Ma première lecture de «
Croc-Blanc » remonte maintenant à une quinzaine d'années et j'en avais presque tout oublié à l'exception de la scène d'ouverture. Il faut reconnaître que cette scène a de quoi marquer les esprits ! Voyez plutôt : au beau milieu du blizzard, deux hommes fuient, talonnés par une meute de loups hurlants et affamés. Deux hommes et un cadavre, car le troisième équipier de cette sinistre traversée est mort depuis longtemps et c'est le poids de son cercueil qui alourdit le traineau et épuise les maigres forces des chiens. Les nuits se trainent dans un enfer de glace, de sang et de hurlements, et les loups prélèvent chaque matin leur dîme, dévorant les chiens les uns après les autres, jusqu'à qu'il ne reste plus que les deux hommes, transis et terrifiés… Flippant, hein ?

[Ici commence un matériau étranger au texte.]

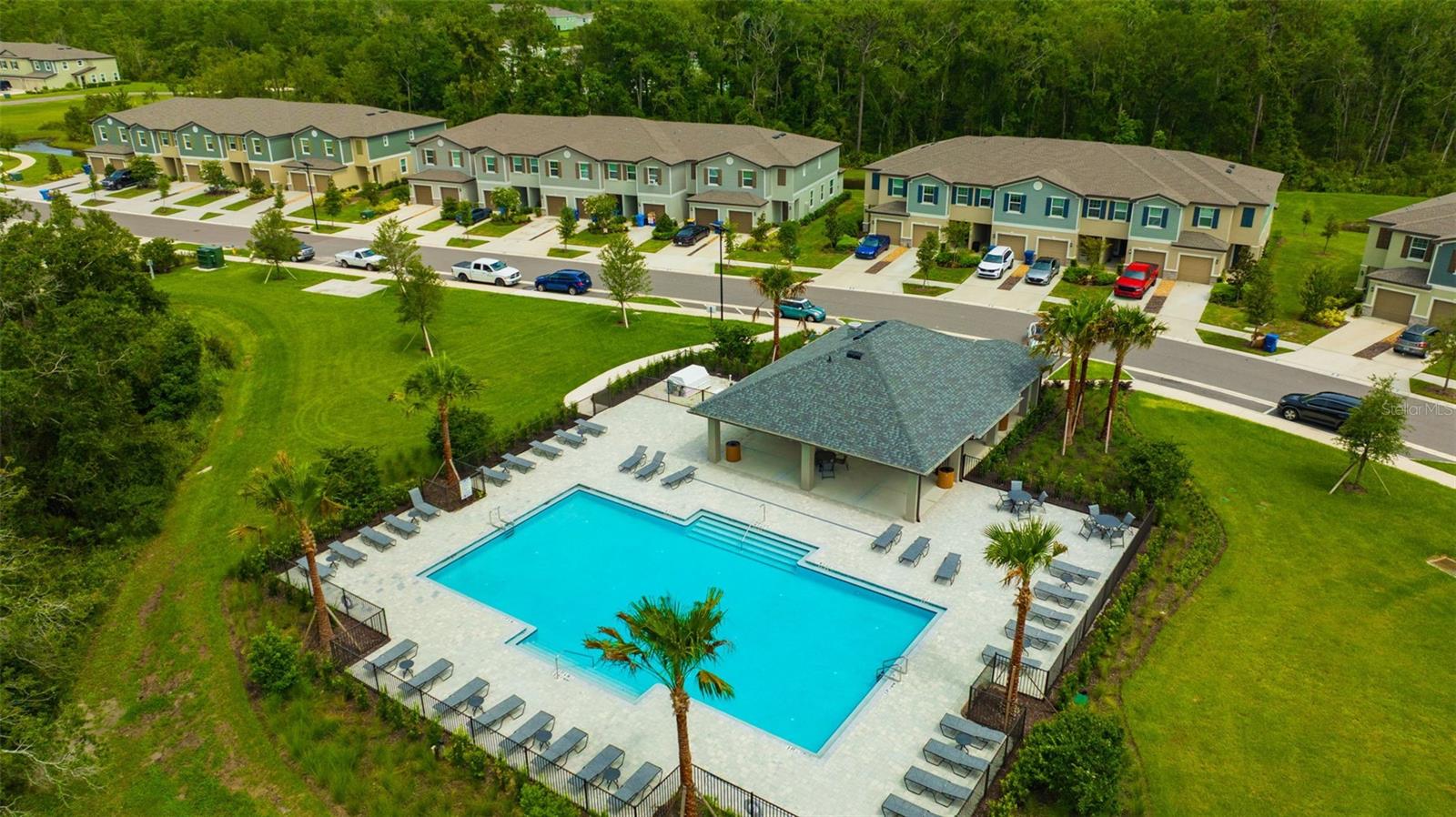 TOWNHOMES OF ANGELINE - Residential Lease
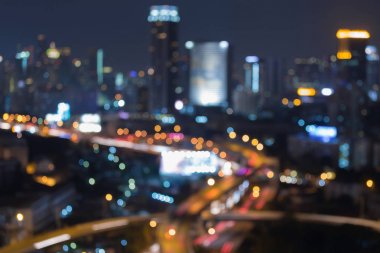 Bokeh ışık gece görünümü şehir ve yol bulanık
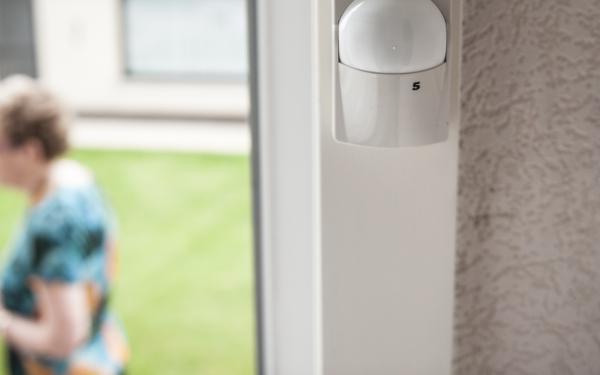 Foto oudere vrouw in huis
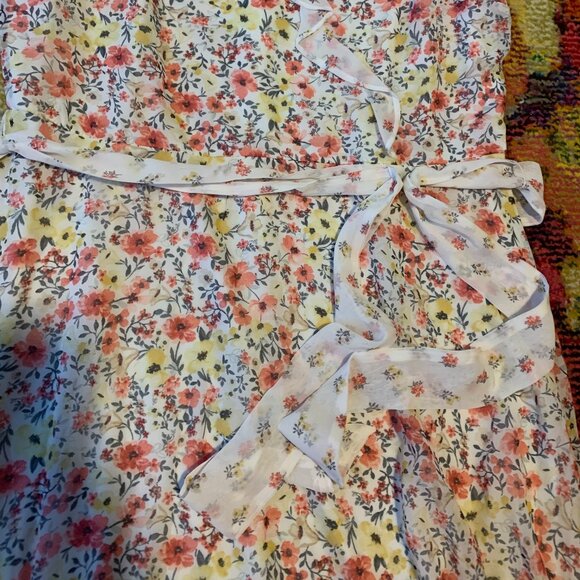 Women's Floral Dress - Picture 3 of 5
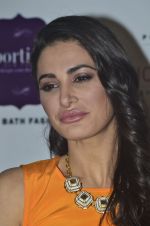 Nargis Fakhri at Portico collection launch in Olive on 4th Aug 2014 (87)_53e1c838091f2.JPG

Or l'un des loups est une louve (ou, plus précisément, une louve à moitié chienne) et cette louve est enceinte jusqu'aux yeux. Elle va accoucher en pleine période de famine et de sa portée ne survivra qu'un petit louveteau, plus solide, plus intelligent et surtout considérablement plus tenace que ses frères et soeurs. le louveteau grandira, il découvrira les dangers et les délices de la vie dans le « Wild » où s'affrontent les prédateurs les plus féroces, avant d'être confronté au plus dangereux de tous : l'homme. le destin mettra en contact
Croc-Blanc et les « dieux humains » et son instinct le poussera à se rapprocher d'eux et à les servir, mais le prix de cette servitude plus ou moins volontaire sera terrible… Des hommes,
Croc-Blanc apprendra l'injustice, la cruauté gratuite, la haine et la vraie sauvagerie, celle qu'il n'aurait jamais acquise en vivant dans la nature. Il finira également par apprendre l'amour et la compréhension mutuelle, mais cette découverte viendra presque trop tard et n'effacera jamais complétement les cicatrices qu'aura laissées sur son âme cette vie de souffrance et de lutte.

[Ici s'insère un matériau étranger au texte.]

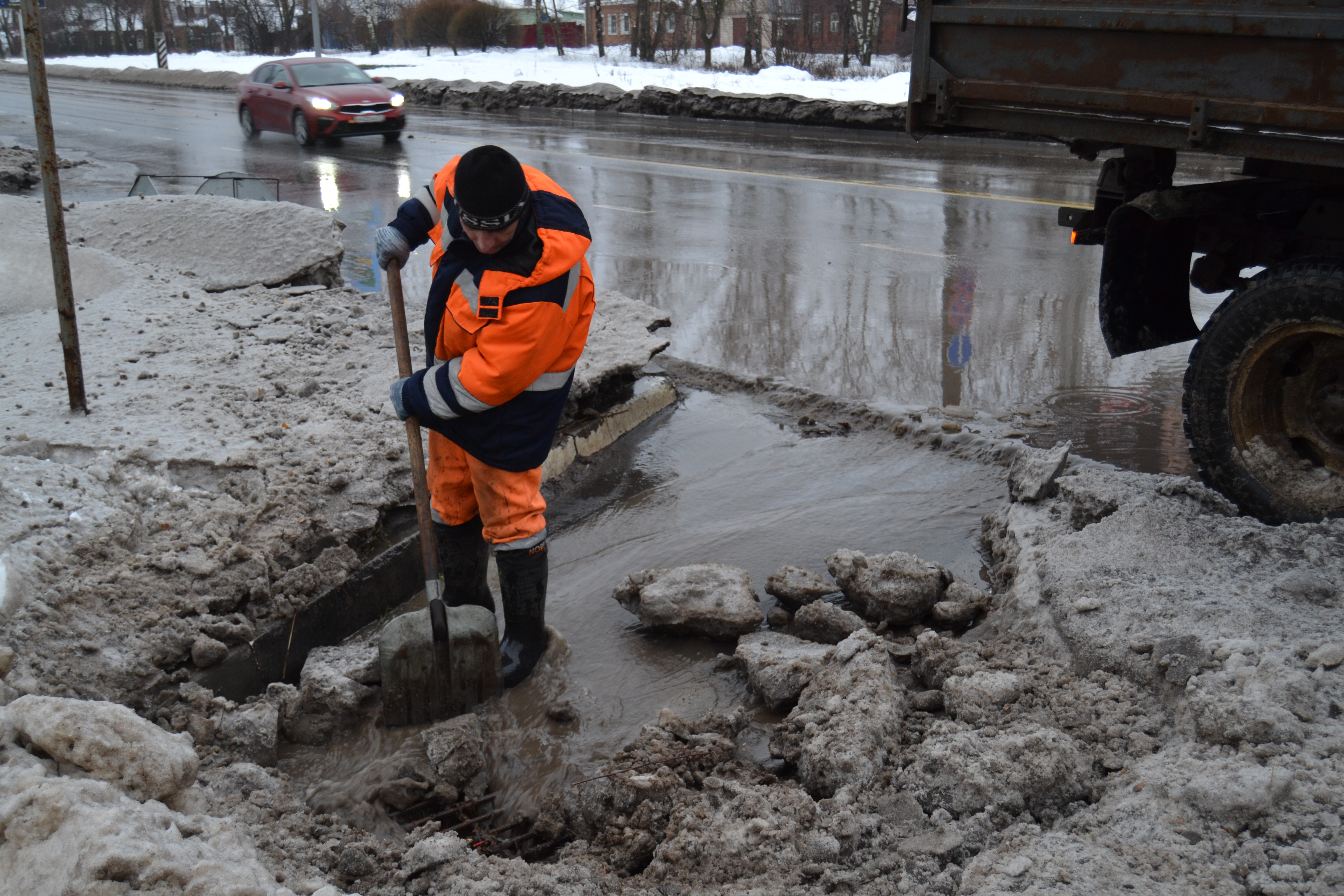 На проспекте Текстильщиков запланировано вскрытие ливнеприемников.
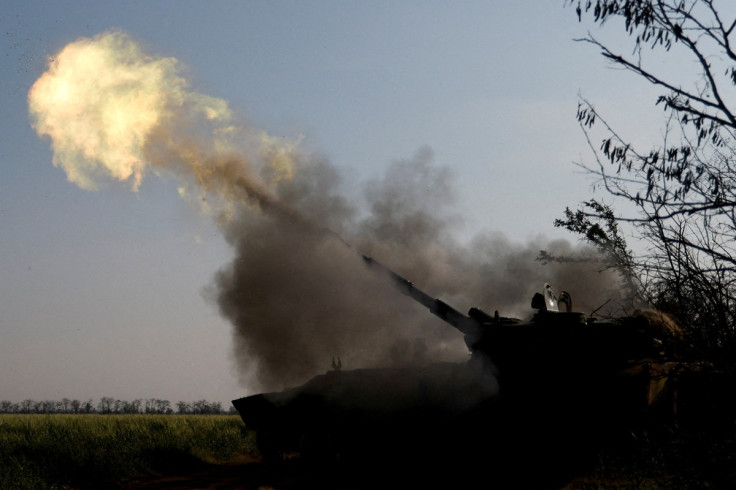 Militares ucranianos disparam um obus autopropulsado em direção a posições russas em uma linha de frente na região de Mykolaiv
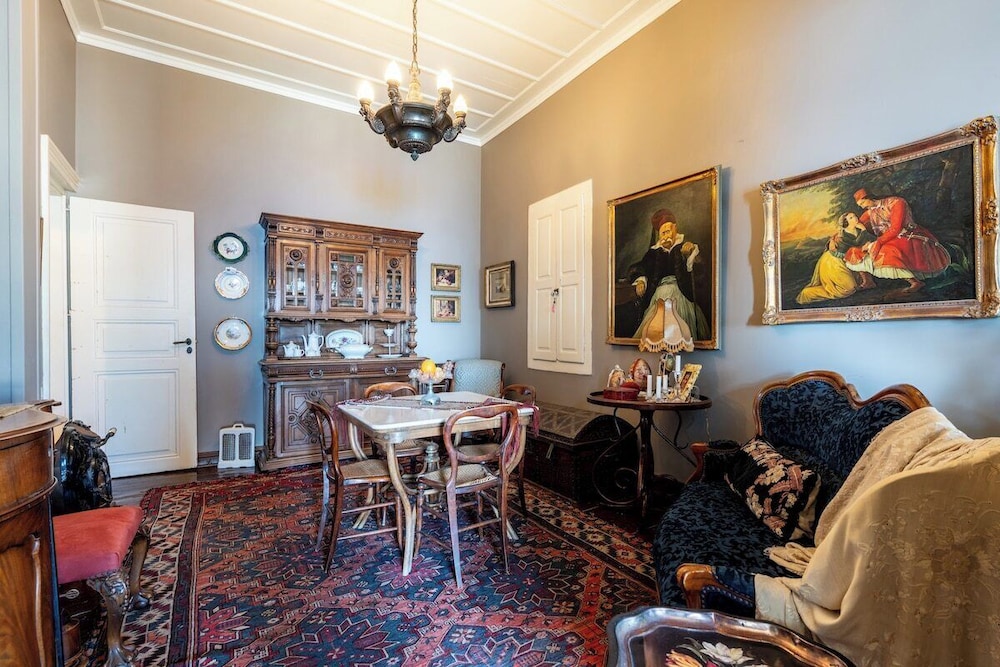 Seaside Neoclassical Property in Vaporia Ermoupoli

En vérité, à la relecture de «
Croc Blanc », je m'étonne que ce roman ait été si longtemps classé dans la littérature jeunesse : de nombreux passages sont d'une crudité presque choquante (on est loin de la bibliothèque rose…) et pourraient difficilement être considérés comme s'adressant exclusivement à un jeune public.
Jack London renvoie constamment dos à dos la cruauté du monde animal et celle du monde « civilisé » des humains, deux univers entre lesquels
Croc-Blanc – du fait de sa nature particulière, mi-loup, mi-chien – est écartelé . La scène d'ouverture du roman trouve notamment son écho dans celle du combat de chiens, où
Croc-Blanc se fait à moitié égorger par un bull-dog sous les rugissements d'enthousiasme d'une foule assoiffée de sang. Un roman dur et souvent violent, donc, mais également fort touchant par moments (difficile, par exemple, de ne pas s'attendrir sur les premiers pas de louveteau de
Croc-Blanc et sa découverte du si merveilleux, mais si effrayant monde extérieur) et qui n'a pas volé son statut de grand classique du roman d'aventure.